## DATASET EXTRACT
=-=-=-=-=

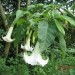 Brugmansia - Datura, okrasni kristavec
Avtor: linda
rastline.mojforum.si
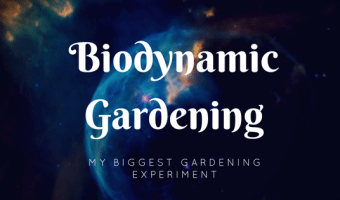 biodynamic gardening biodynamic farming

=-=-=-=-=

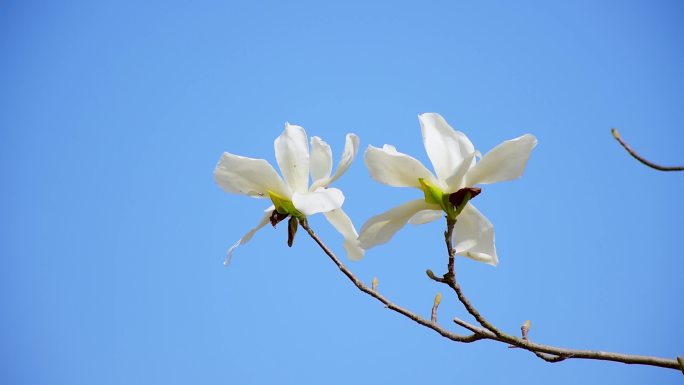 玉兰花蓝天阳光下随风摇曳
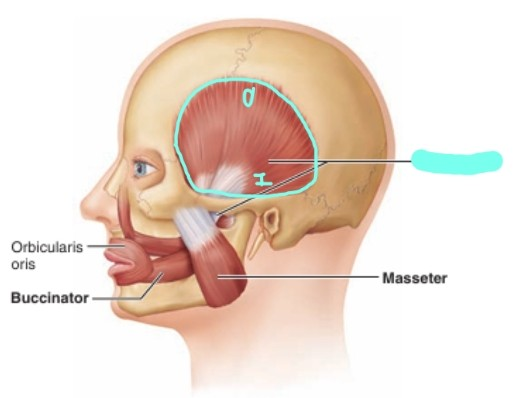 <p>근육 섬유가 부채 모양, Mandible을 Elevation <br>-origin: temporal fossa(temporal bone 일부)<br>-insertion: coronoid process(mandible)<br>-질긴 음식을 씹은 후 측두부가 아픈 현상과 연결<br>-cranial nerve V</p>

=-=-=-=-=

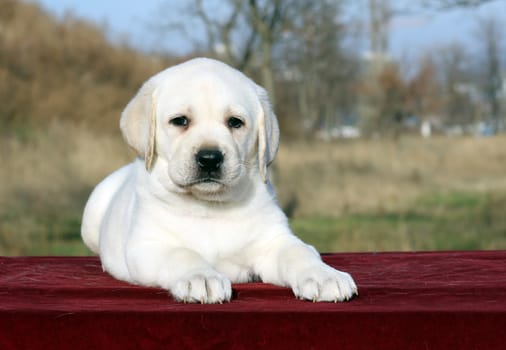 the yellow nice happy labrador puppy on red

=-=-=-=-=

## WORK INSTRUCTION
Although pictures appear among the entries, please set down only the lines from the one with "玉兰花蓝天阳光下随风摇曳" up to and including the one with "<p>근육 섬유가 부채", word for word.

## RESULT FOR THIS TASK
 玉兰花蓝天阳光下随风摇曳
 <p>근육 섬유가 부채 모양, Mandible을 Elevation <br>-origin: temporal fossa(temporal bone 일부)<br>-insertion: coronoid process(mandible)<br>-질긴 음식을 씹은 후 측두부가 아픈 현상과 연결<br>-cranial nerve V</p>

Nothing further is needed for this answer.